Last month, Leeds Young Film Festival (LYFF) returned throughout Leeds, with a series of screenings and film-related experiences taking place across Leeds Town Hall, Carriageworks Theatre and Hyde Park Picture House. Now in its 17th year, LYFF is a great initiative aiming to introduce the magic of cinema to children, and this year’s iteration amazed and surprised children, teenagers and parents in equal measure.
LYFF is part of Leeds International Film Festival, which takes place every November and celebrates its 30th edition later this year. However, Chris Fell, director of Leeds International Film Festival, decided that it was better to give different dates to LYFF so that it could “attract its own audience”. Danny Leigh, from The Guardian, affirmed that Leeds Young Film Festival is “the perfect place for young people to fall in love with film”.
This year, LYFF focused on animation workshops in which children and parents could learn how flipbooks, 3D Virtual Reality, stop motion, digital effects and more come together. According to Debbie Maturi, Director of LYFF: “The most important thing about LYFF is to give all young people in the region the chance to experience the power of cinema, with a programme of the best new and classic films from around the world. In 2016 there were films from 24 different countries”.
Carriageworks Theatre was home to a range of screenings and animation workshops; I volunteered in the Flipbooks session helping artist, model maker and designer Ralph Shephard, who taught kids the basics of animated books and the ways to create your own flipbook through drawing. Afterwards, with stop motion software, we were able to convert the flipbooks into short movies – much to the excitement of the children (and their parents), who were able to see their drawings come to life.
Carriageworks also saw other workshops, including stop motion, LEGO animation, digital effects for film, Minecraft, Cartoon Storytelling and Voice Acting, teach young people the basics of a range of filmmaking techniques through the guidance of specialized professionals such as animator Paul Couvela and director, writer and voice actress Sarah Ann Kennedy. It wasn’t all educational, though, and animated films like Finding Nemo and Frozen Sing-a-long were also shown in Carriageworks, adding to other screenings at the Hyde Park Picture House, among them Song of the Sea, The Prophet, Harry Potter and the Half Blood Prince and He Named Me Malala.
Leeds Town Hall served as a more grandiose setting for the likes of Star Wars: Episode VII – The Force Awakens and The Hunger Games: Mockingjay Parts 1 & 2. It was also in this venue where the biggest event was organized: Willy Wonka & The Chocolate Factory. Following a screening, those in attendance were invited to meet the “real” Willy Wonka and his Oompa Loompas, who needed help to fix some of the machinery at work in the chocolate factory. At night, adults were able to watch one of the best movies of our time – The Shawshank Redemption – in a Leeds Town Hall transformed into the Shawshank State Penitentiary. These experiences were organized by LYFF together with Sneaky Experience.
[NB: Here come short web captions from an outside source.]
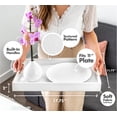 thumbnail image 3 of Home Redefined Bandeja Decorativa para Servir de Piel Sintética de Cocodrilo Rectangular de 45 X 30 Cm con Asas, Color Blanco, 3 of 5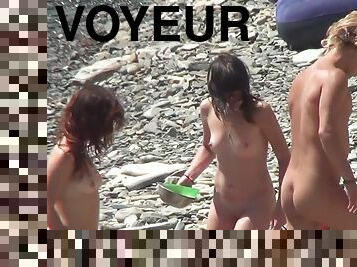 nudista, al-aire-libre, público, coño-pussy, babes, cámara, playa, voyeur, jóvenes18, rubia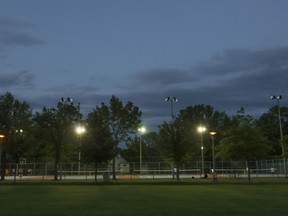 Parks are popular hang outs for kids on hot summer nights.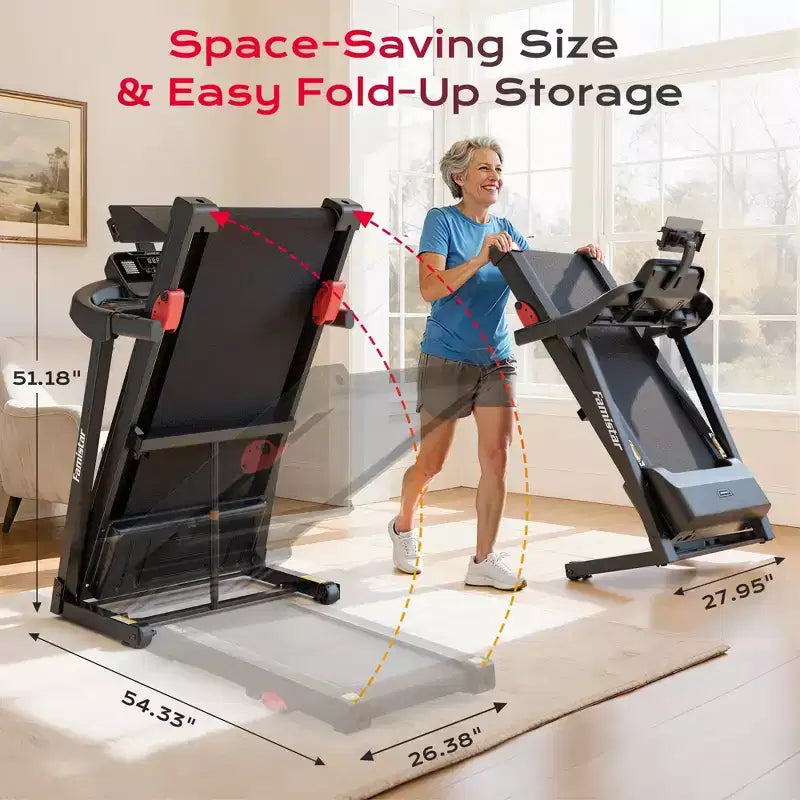 Tapis de course Capacité de 140 kg pour la maison, Tapis de course pliable de 3,1 CV, Tapis de course avec inclinaison de 8 %, 12 km/h, 71 programmes prédéfinis, Absorption des chocs, Contrôle par application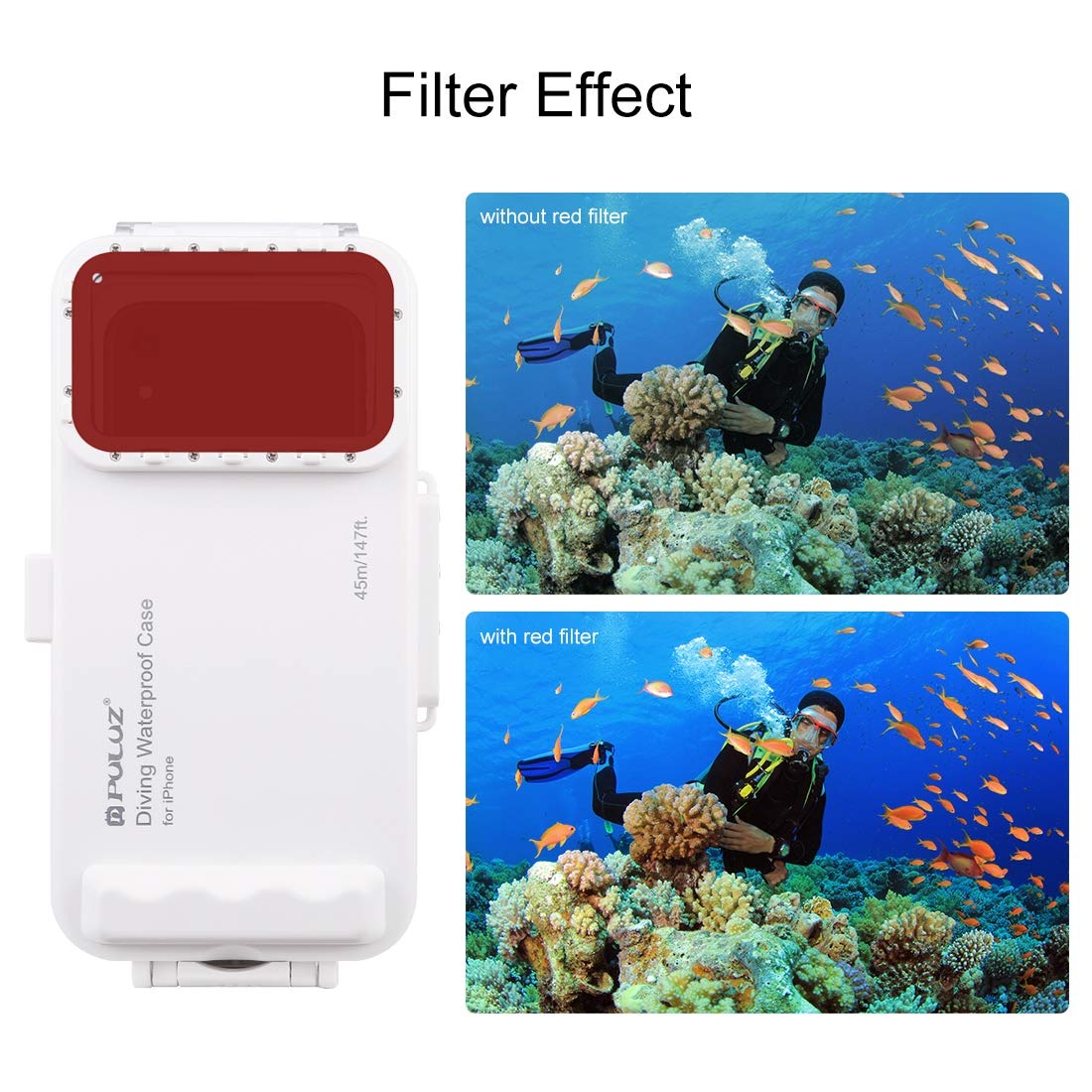 PULUZ 45m/147ft Waterproof Diving Case for iPhone 11/X & iOS 13+ - IP68 Underwater Housing for Photography & Video Recording - Perfect for Scuba Diving, Snorkeling, Beach & Pool Adventures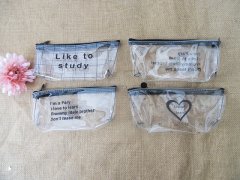 (image for) 6Pcs Clear Pencil Case Zipper Pouch Bag Storage Travel Bags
The “Golden Owl Awards” closed the festival, with a unique twist: the jury members who get to decide the winners are children and teenagers. The Younger Jury Award (with jury members aged 7 to 11) was given to Zip & Zap and the Marble Gang while the Older Jury Award (aged 12 to 15) was given to Landfill Harmonic.
LYFF is an interesting, entertaining and fun initiative for children. As Debbie Maturi says, “film offers young people a unique, enriching experience and a window onto the world that they won’t find anywhere else”. LYFF is a great opportunity to introduce children to one of the most beautiful and complete arts of all times: cinema. Children and parents alike would be remiss to miss next year’s edition of the festival.